Task statement –
Return all lines below containing the word "Dress".

Data excerpts
******

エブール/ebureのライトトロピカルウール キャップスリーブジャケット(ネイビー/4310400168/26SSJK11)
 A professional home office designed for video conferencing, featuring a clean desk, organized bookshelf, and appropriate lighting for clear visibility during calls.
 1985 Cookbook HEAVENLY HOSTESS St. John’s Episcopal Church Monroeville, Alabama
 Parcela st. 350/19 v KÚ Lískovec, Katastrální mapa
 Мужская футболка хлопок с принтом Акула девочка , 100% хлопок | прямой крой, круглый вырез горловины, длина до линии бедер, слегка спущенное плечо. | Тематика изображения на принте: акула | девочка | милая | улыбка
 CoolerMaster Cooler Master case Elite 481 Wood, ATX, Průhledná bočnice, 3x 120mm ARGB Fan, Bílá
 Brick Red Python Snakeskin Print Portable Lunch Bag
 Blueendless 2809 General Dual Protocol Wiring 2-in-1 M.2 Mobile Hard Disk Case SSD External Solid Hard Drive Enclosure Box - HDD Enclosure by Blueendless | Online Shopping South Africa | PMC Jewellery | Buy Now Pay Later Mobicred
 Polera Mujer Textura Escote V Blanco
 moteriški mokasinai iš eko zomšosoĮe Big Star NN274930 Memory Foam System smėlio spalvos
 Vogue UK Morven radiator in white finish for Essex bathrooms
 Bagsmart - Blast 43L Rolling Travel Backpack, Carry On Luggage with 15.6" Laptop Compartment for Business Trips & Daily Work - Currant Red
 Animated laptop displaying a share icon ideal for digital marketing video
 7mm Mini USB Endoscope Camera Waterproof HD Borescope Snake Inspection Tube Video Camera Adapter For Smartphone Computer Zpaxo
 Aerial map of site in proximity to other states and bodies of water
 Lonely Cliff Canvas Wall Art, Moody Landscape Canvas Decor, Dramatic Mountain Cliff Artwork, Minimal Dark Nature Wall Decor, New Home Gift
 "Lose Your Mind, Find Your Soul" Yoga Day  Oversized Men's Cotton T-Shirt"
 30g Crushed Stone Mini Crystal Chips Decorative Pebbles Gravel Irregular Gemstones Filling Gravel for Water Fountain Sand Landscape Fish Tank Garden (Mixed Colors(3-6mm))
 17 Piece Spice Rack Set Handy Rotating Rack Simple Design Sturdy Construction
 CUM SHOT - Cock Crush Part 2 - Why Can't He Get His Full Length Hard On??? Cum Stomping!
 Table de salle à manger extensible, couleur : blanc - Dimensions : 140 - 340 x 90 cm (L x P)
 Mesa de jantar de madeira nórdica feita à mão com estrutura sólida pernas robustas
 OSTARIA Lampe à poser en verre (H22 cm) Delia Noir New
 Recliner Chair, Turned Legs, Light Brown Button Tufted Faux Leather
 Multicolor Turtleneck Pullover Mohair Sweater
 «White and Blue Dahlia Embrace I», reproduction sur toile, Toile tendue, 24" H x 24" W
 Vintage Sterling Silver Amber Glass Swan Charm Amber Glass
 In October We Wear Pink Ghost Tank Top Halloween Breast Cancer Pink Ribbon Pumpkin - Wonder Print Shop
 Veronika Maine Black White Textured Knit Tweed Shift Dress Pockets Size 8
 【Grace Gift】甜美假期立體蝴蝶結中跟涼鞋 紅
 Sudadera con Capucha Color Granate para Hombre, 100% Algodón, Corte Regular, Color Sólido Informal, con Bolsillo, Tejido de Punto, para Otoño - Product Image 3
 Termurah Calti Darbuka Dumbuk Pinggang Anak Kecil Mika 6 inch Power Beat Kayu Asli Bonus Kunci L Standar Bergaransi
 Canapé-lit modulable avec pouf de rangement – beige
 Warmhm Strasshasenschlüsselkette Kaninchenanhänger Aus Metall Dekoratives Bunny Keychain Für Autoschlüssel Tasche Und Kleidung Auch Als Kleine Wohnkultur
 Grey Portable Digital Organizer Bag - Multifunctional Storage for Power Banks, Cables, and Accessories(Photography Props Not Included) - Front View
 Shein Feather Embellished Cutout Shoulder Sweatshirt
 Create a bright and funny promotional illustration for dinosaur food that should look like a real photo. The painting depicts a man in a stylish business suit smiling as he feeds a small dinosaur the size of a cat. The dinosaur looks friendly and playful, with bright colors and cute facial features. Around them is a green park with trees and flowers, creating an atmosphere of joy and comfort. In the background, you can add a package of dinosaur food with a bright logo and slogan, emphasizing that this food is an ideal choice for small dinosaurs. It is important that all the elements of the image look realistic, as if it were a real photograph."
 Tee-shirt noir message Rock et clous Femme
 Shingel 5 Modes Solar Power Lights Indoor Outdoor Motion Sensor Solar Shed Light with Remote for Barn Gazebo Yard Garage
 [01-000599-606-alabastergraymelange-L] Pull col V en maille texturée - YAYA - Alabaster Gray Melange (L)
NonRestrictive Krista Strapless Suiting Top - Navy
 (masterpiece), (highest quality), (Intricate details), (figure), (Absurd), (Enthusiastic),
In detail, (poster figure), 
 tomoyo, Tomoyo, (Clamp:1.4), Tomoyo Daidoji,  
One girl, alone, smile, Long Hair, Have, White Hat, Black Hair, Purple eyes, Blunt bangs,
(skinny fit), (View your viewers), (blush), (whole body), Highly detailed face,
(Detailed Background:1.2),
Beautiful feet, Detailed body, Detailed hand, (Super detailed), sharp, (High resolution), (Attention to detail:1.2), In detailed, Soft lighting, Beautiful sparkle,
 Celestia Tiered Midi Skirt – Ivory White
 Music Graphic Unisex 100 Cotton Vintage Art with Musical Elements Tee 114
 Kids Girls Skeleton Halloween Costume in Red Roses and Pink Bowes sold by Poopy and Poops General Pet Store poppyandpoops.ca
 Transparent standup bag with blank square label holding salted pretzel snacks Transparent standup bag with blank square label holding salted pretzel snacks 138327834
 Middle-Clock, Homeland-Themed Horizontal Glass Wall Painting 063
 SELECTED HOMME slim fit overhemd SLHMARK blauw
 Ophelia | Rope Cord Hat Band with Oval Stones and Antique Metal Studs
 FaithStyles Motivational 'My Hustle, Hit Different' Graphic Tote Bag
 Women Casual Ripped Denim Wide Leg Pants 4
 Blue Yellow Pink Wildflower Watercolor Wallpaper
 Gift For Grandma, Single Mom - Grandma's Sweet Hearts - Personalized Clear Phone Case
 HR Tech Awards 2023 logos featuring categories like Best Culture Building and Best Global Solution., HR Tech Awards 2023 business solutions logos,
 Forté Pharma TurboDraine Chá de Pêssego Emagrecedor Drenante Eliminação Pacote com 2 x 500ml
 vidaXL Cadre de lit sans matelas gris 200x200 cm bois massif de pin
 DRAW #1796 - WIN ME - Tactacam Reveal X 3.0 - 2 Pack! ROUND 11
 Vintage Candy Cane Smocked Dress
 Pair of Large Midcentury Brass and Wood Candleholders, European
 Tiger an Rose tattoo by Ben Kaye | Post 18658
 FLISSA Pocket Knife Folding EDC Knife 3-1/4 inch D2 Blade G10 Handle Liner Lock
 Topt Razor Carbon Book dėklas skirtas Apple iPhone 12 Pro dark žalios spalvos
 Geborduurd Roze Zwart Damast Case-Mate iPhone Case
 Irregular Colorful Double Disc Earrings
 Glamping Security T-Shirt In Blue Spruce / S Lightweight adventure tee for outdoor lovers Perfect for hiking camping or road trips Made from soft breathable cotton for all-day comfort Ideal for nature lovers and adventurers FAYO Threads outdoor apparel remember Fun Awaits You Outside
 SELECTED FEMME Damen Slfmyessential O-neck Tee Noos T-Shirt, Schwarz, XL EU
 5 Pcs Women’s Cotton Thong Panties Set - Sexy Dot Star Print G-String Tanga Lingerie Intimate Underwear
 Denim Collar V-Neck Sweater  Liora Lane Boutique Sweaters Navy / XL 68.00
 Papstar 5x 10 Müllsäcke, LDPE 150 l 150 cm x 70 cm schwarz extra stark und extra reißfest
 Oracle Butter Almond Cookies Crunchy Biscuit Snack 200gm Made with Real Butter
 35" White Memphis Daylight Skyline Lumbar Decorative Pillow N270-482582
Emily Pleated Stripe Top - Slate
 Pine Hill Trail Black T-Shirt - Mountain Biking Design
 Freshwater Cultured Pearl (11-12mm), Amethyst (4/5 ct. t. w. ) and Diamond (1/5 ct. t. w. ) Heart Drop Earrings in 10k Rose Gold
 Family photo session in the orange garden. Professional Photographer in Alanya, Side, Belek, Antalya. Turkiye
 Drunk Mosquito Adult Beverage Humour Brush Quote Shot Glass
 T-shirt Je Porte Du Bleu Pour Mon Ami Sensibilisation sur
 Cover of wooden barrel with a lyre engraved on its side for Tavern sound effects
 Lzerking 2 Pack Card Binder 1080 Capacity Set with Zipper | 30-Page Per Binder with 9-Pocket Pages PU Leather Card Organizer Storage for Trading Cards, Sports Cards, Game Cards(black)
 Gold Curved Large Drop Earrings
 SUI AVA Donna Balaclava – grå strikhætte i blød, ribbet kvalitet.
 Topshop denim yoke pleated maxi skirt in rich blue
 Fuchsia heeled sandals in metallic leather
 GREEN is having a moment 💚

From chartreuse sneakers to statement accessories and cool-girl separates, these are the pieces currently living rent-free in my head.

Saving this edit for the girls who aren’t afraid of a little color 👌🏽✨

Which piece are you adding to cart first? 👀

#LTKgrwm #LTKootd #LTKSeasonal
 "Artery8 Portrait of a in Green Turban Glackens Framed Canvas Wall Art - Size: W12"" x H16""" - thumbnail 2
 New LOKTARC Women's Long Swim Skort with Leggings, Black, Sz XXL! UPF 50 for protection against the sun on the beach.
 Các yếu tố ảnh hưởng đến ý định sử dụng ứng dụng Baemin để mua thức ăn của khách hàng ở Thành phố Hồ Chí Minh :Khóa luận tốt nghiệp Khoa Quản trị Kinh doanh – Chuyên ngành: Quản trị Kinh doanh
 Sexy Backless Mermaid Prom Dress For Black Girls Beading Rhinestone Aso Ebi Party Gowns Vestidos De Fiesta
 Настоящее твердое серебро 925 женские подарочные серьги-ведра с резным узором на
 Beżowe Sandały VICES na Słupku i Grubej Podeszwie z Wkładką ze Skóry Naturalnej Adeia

******

Problem solution –
 Veronika Maine Black White Textured Knit Tweed Shift Dress Pockets Size 8
 Vintage Candy Cane Smocked Dress
 Sexy Backless Mermaid Prom Dress For Black Girls Beading Rhinestone Aso Ebi Party Gowns Vestidos De Fiesta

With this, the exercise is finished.